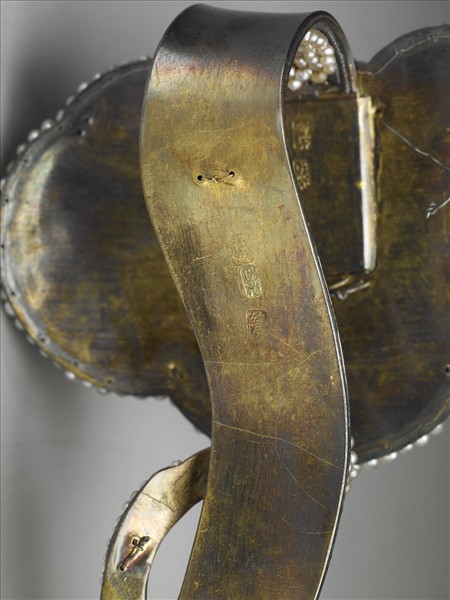 銀鑲珠寶靈芝如意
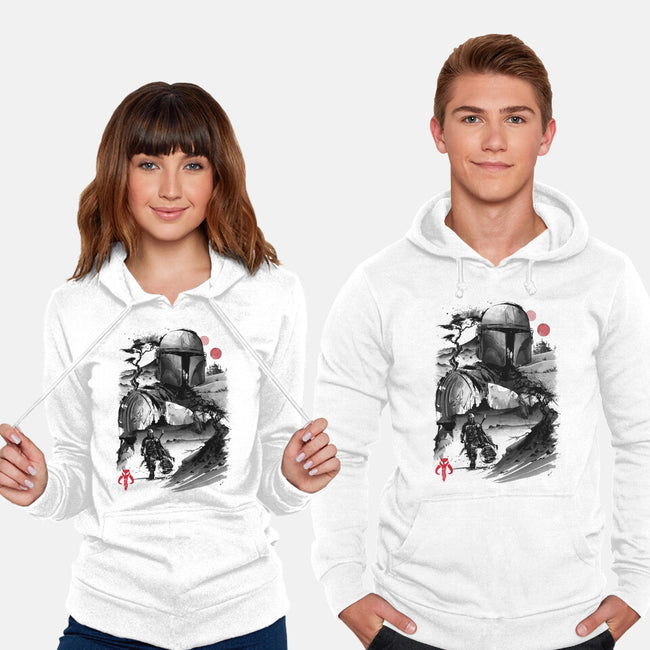 Bounty Hunter In The Desert Sumi-e-unisex pullover sweatshirt-DrMonekers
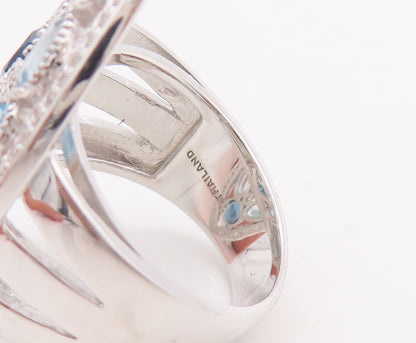 925 Sterling Silver Vintage Ring Carved Oval Cut Blue Topaz Inlay  Sz 7  RG29847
_ _ _ _ _ _ _
*Work to be completed*
Each line above should be written out again unchanged; no images are to be carried over.

*Solution for this problem*
 銀鑲珠寶靈芝如意
 Bounty Hunter In The Desert Sumi-e-unisex pullover sweatshirt-DrMonekers
 925 Sterling Silver Vintage Ring Carved Oval Cut Blue Topaz Inlay  Sz 7  RG29847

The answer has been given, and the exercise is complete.